Logical address space and execution pages
The logical address space are the addresses as seen from the CPU. The Geneve uses a 16-bit address bus which means that the logical address space is 64 KiB large. The CPU itself is not capable of addressing more memory, which is a limitation for application design. It essentially means that a transparent access to more than 64 KiB is impossible. The CPU is not capable of representing addresses outside this area.
Modern PCs have at least a 32-bit wide address which is partitioned into an offset and reference to a two-stage (or more) page table. With 32 bits, a process may thus make use of a maximum of 232 bytes or 4 GiB. Here the address space is (or better was) larger than the amount of memory in the system. (Now you know why you might want to change to a 64-bit architecture.)

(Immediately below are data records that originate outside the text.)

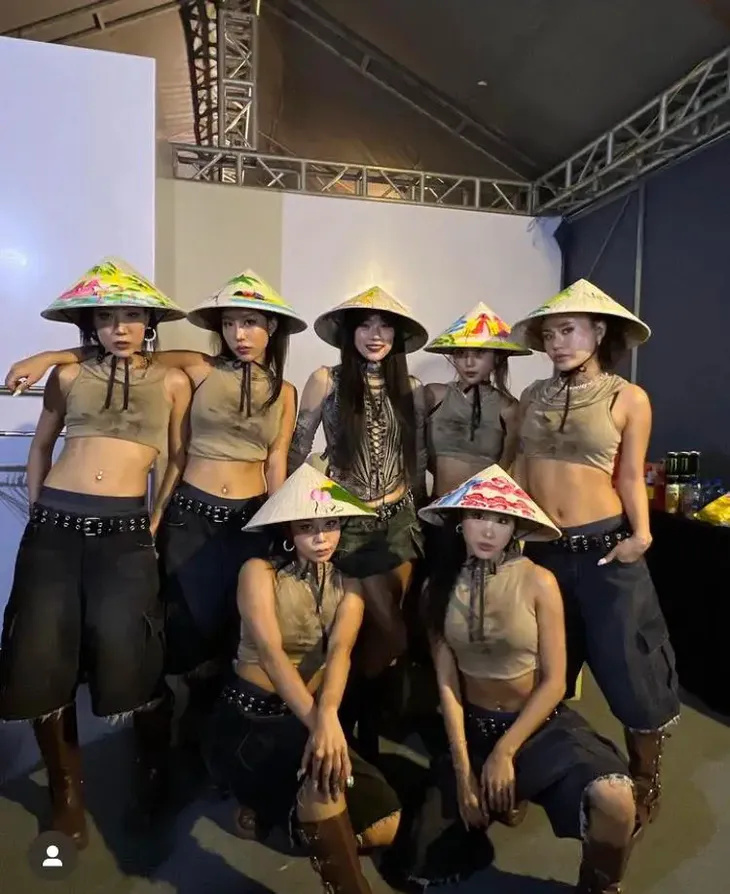 Kết thúc biểu diễn, Lee Hyori lại mở lớp dạy yoga tại Việt Nam - Ảnh 3. Kết thúc biểu diễn, Lee Hyori lại mở lớp dạy yoga tại Việt Nam - Ảnh 3.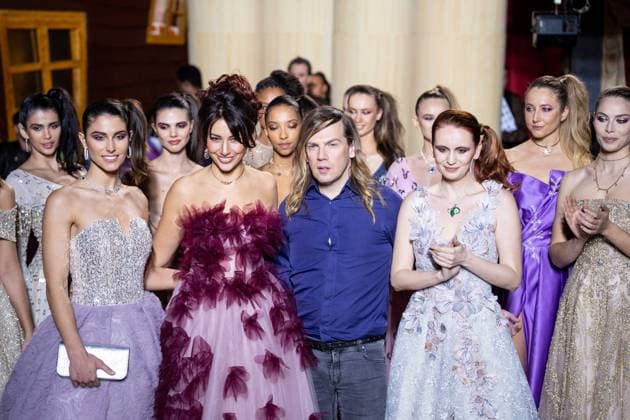 Entertainment Bilder des Tages PFW - Christophe Guillarme Runway Delphine Wespiser and Christophe Guillarme with other models present creations by Christophe Guillarme for the Womenswear Ready-to-wear Fall-Winter 2025 2026 collection as part of the Paris Fashion Week on March 5, 2025 in Paris, France. Photo by Alexis Jumeau ABACAPRESS.COM Paris France  Copyright: xJumeauxAlexis ABACAx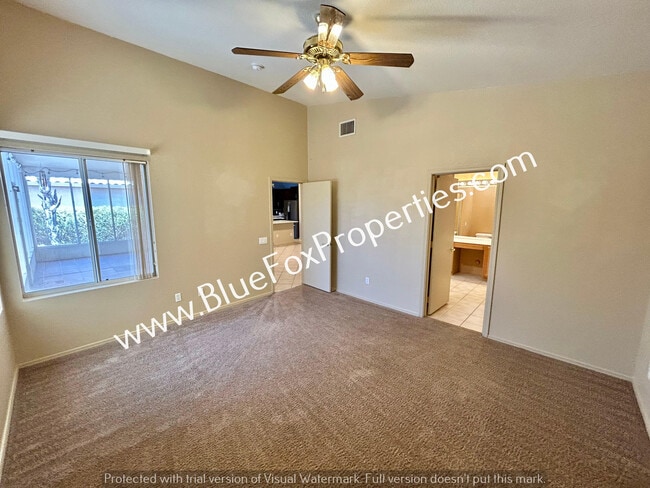 Building Photo - 9035 N Silver Moon Way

With our Geneve, however, the address space is smaller than the amount of available memory. This means that we will never have a similarly simple, expandable memory model as known from the PC world. The only solution is to exchange parts of memory on the same addresses, but this means additional effort when addressing memory.
(There are some similarities with earlier EMS technology on PCs.)
Physical address space and physical pages
The physical address space comprises the complete memory area of the Geneve from the hardware viewpoint. There is no consideration of allocation to tasks. The physical address space consists of 256 pages of 8 KiB each, together 2 MiB.
The first 64 pages are the DRAM area (the slow RAM); from page number E8 to EF we find 8 pages of fast SRAM. The original configuration of the Geneve only included 32 KiB of SRAM, but in most cases this was expanded to 64 KiB. From page F0 to FF we find the Boot ROM; there is room for 128 KiB, but only 16 KiB are actually used, since the page address is not completely decoded in this area: All even pages are the same page, and all odd pages are the same page as well.
Physical addresses can be represented as shown here:
Accordingly, physical addresses range from 000000 to 1FFFFF. The TMS 9995, however, cannot use physical addresses since they do not match the 16 bit width of the address bus. The Geneve architecture includes a memory mapper which is used to map the logical address space of the CPU to the physical address space. So when the CPU accesses the logical address A080 the mapper determines which physical address this corresponds with. For instance, if the mapper contains the value 2C for execution page 5, the logical address A080 maps to physical address 058080.
Virtual pages
In principle, multitasking is possible whenever we have means of passing control between independent applications. This can be done explicitly (by yielding) or timer-controlled. For multiple tasks we have to take care that each task gets a part of the global memory area exclusively for itself.
User-task XOPs
User-task XOPs are available for use in application programs.
Available memory pages
Opcode: 0
Input | Output | |
---|---|---|
R0 | Opcode (0000) | Error code (always 0) |
R1 | Number of free pages | |
R2 | Number of fast free pages | |
R3 | Total number of pages in system |
Allocate pages
Opcode: 1
Input | Output | |
---|---|---|
R0 | Opcode (0001) | Error code (0, 1, 7, 8) |
R1 | Number of pages | Number of pages actually fetched to complete map as required |
R2 | Local page address | Number of fast pages fetched |
R3 | Speed flag (if not 0, only fast) |
This function is used to claim pages from the set of unassigned physical pages. This is particularly useful when the application requires more than just small buffers.
Free pages
Opcode: 2
Input | Output | |
---|---|---|
R0 | Opcode (0002) | Error code (0, 2) |
R1 | Number of pages | |
R2 | Local page address |
Error code 2 is returned when the local page address (R2) is 0; page 0 cannot be freed in this way.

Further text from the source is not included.